Heidegger dit que «l’éternel retour du même est le plus haut triomphe de la métaphysique de la volonté qui désire éternellement son vouloir même«[72]. Etant donné que le passé est le produit de la volonté, cette volonté s’avère donc capable de re-vouloir son passé, c’est-à-dire qu’elle désire le retour de ce qui est passé et bannit ainsi tout ressentiment de son rapport au temps. Le problème est ici le suivant : si la volonté re-veut son passé, n’est-elle pas elle aussi figée dans son vouloir ? Quelle est la différence avec ceux qui ont fixé une fois pour toute leur volonté – nihilistes ? Cette fixation ne peut être obtenue, nous dit Heidegger, seulement dans la mesure où l’homme est capable de se mettre au-dessus de lui-même, c’est-à-dire seulement s’il est capable de se déterminer lui-même sans recourir à la définition dans laquelle il se trouve –animal rationale depuis Aristote. Ainsi, lorsque l’homme opère sa propre détermination, il imprime le sceau de l’éternité à chaque exercice de sa volonté et accepte, dans cette auto-détermination de la volonté, son propre déclin, puisque une fois déterminé, il ne peut plus vouloir se déterminer différemment ( son passé ne pourrait pas être re-voulu). Finalement, l’affirmation du vouloir sur le temps fixe une valeur, non plus objective et reconnue comme tel par tous, mais subjective, c’est-à-dire qui n’engage que celui qui la fixe.

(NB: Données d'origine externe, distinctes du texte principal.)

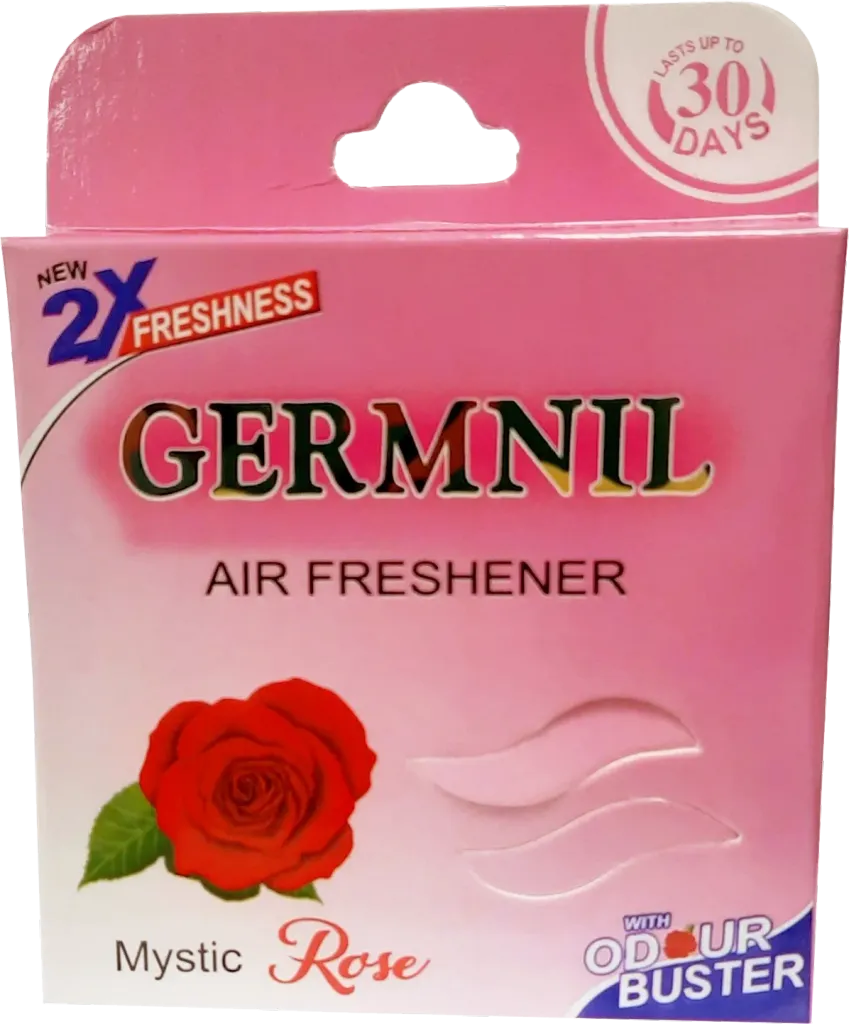 Germnil Airfreshener Rose 1 Pack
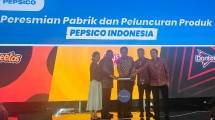 Wakil Menteri Perindustrian (Wamenperin) Faisol Riza saat meresmikan pabrik PT PepsiCo Indonesia (Foto: Ridwan/Industry.co.id)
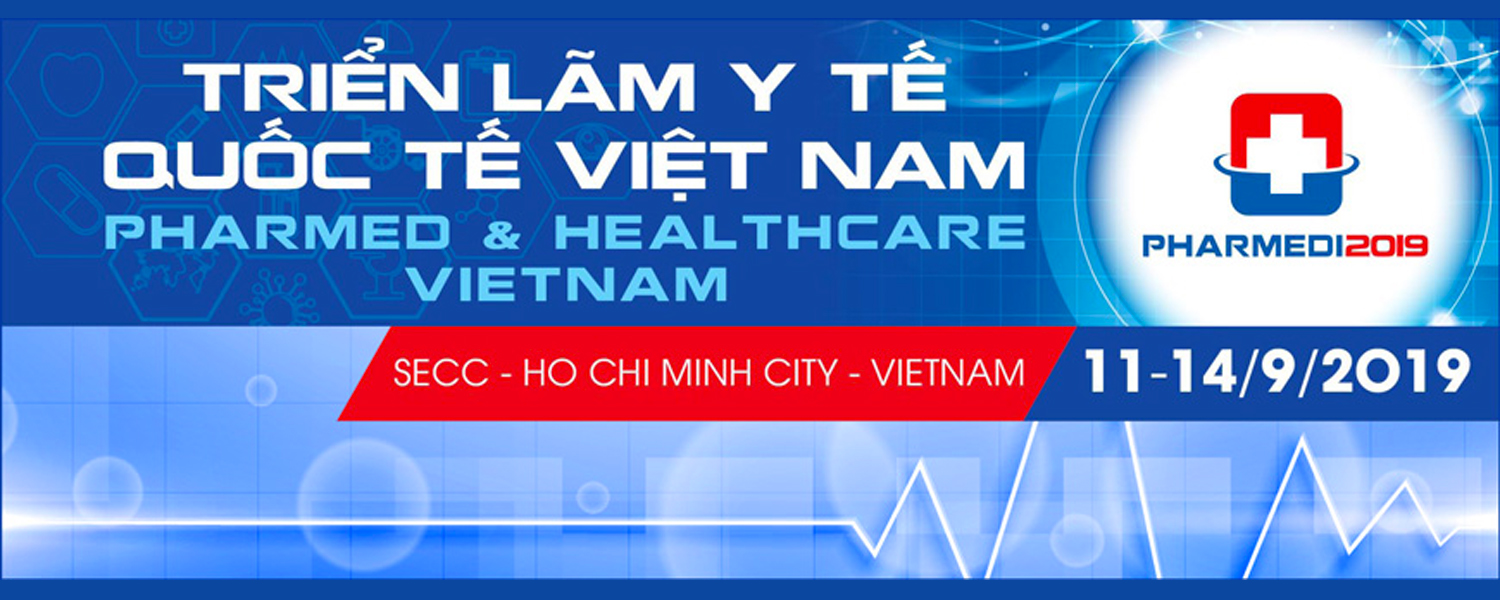 Triển lãm Y tế Quốc tế Việt Nam 2019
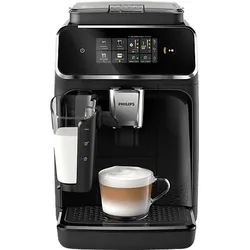 PHILIPS EP2331/10 Serie 2300 LatteGo 3 Kaffeespezialitäten Kaffeevollautomat Klavierlack-Schwarz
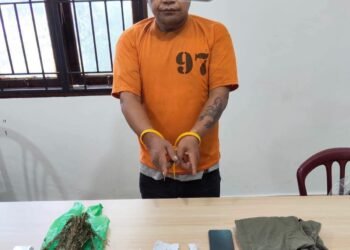 Simpan Ganja di Dua Lokasi, Petani di Karo Ditangkap Satres Narkoba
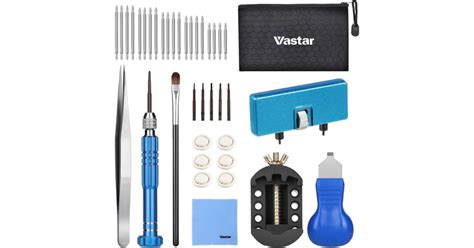 Changez La Pile De Votre Montre En Un Clin D Il Avec Le Kit Vastar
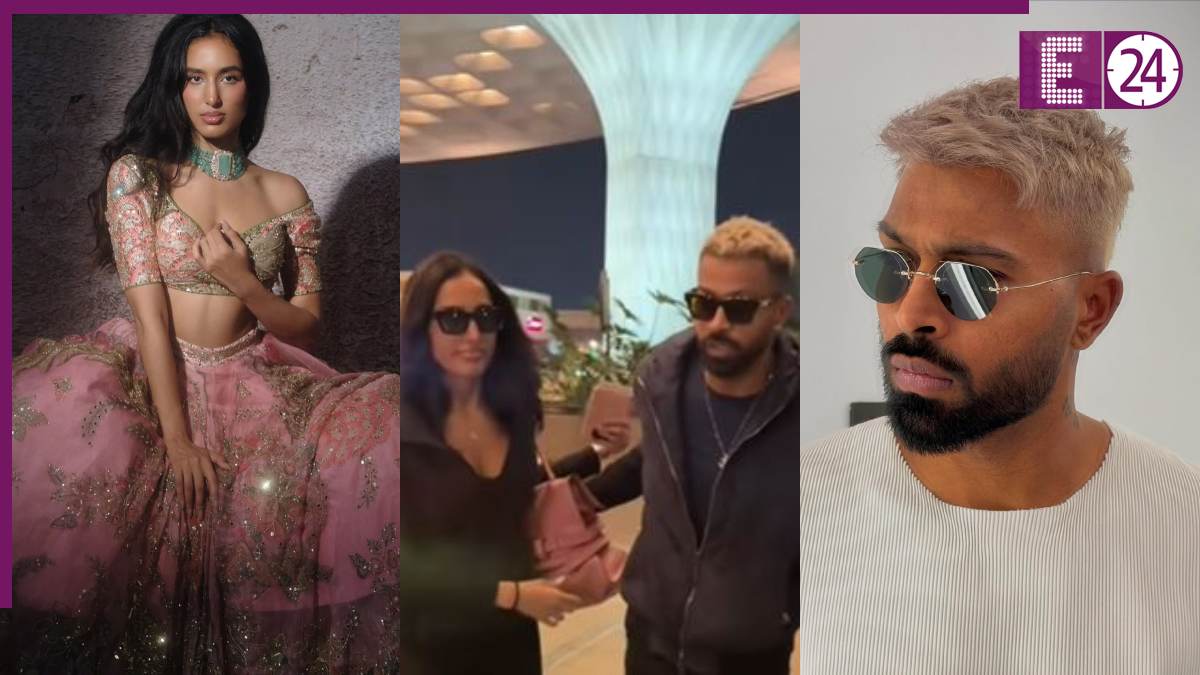 Hardik Pandya and Mahieka Sharma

Parallèlement, l’éternel retour est la condition principale pour l’Etre de tout devenir, puisqu’elle désire que ce qui vient de passer revienne et ce éternellement :
«Tout va, tout revient ; la roue de l’être marche sans fin. Tout meurt, tout renaît, l’an de l’être est éternellement en cours.
Tout se brise, tout est rassemblé ; éternellement se bâtit la même maison de l’être. Tout se sépare, tout se retrouve ; l’anneau de l’être reste éternellement fidèle à soi-même. «[73]
L’Eternel retour du même est donc l’Etre de tout devenir, parce que vouloir affirmer sa volonté positivement dans le temps revient à libérer l’avenir du chaos et de l’absurde – chaque acte de la volonté se réfère à la volonté de puissance qui délivre, ainsi cet acte subjectif de la volonté peut donner sens à l ’humain. L’éternel retour permet donc d’entrevoir un plus que l’homme, un au-delà de l’homme.
En ouvrant les portes de l’avenir, l’éternel retour donne le temps : en effet, le temps est rattaché au vouloir, la conséquence en est que ce qui passe ne fait plus que passer, mais est voulu et ainsi donné à la volonté. De plus, la puissance de cette volonté ne cherche pas, selon Nietzsche, à devenir acte (comme chez Aristote : toute chose vise son telos, le gland deviendra chaîne), mais continue à s’intensifier infiniment et démesurément. Le devenir retourne donc constamment à la volonté de puissance ; c’est-à-dire que la puissance de l’homme, loin de s’arrêter à poursuivre des fins qu’elle aurait elle-même déterminée, continue à être puissance dans le temps : « Homme ! Toute ta vie est pareille à une horloge à sable, qui se renverse sans cesse, avec toujours le même sable qui s’écoule, le temps d’une minute, pendant laquelle toutes les conditions qui déterminent ton existence reviennent dans l’orbite du temps[…]Cet anneau dont tu es un petit maillon, éternellement reviendra briller.«[74] En clair, cela signifie que l’avenir, le monde n’est pas configuré à partir du présent, mais est en perpétuelle reconfiguration.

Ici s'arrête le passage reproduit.